At a macro level, the NYSE isn’t merely tackling transaction efficiency—it’s confronting the long-standing problem of fragmented liquidity in traditional markets. By combining “high-trust institutional arrangements” with “more efficient technological tools,” it aims to redirect trading demand—currently flowing into dark pools, OTC structures, or unregulated platforms—back into a transparent, auditable, and accountable system. A recurring consensus emerged in discussions: truly cyclical-resilient innovations are rarely the most radical ones—but rather those rigorously stress-tested on compliance and infrastructure grounds. Once such a structure proves viable, mainstream capital inflows won’t act as resistance—they’ll accelerate adoption.

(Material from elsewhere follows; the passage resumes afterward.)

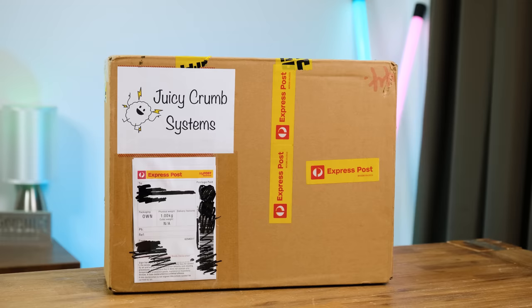Today we're going to be turning my broken 27 inch iMac into a standalone display thanks to Juicy Crumb and their new replacement logic board.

From a legal perspective, the deeper significance of this process extends well beyond technological upgrade—it resembles a phase-level evolution in capital formation. Through on-chain clearing and custody, traditional financial institutions can enhance the global scope and temporal continuity of asset allocation—without overturning existing securities laws or regulatory frameworks. This is not “old systems replaced by new technology,” but rather “new technology integrated into the most core, tightly governed logic of old systems”—and that, precisely, is the prerequisite for mainstream finance to genuinely embrace any new paradigm.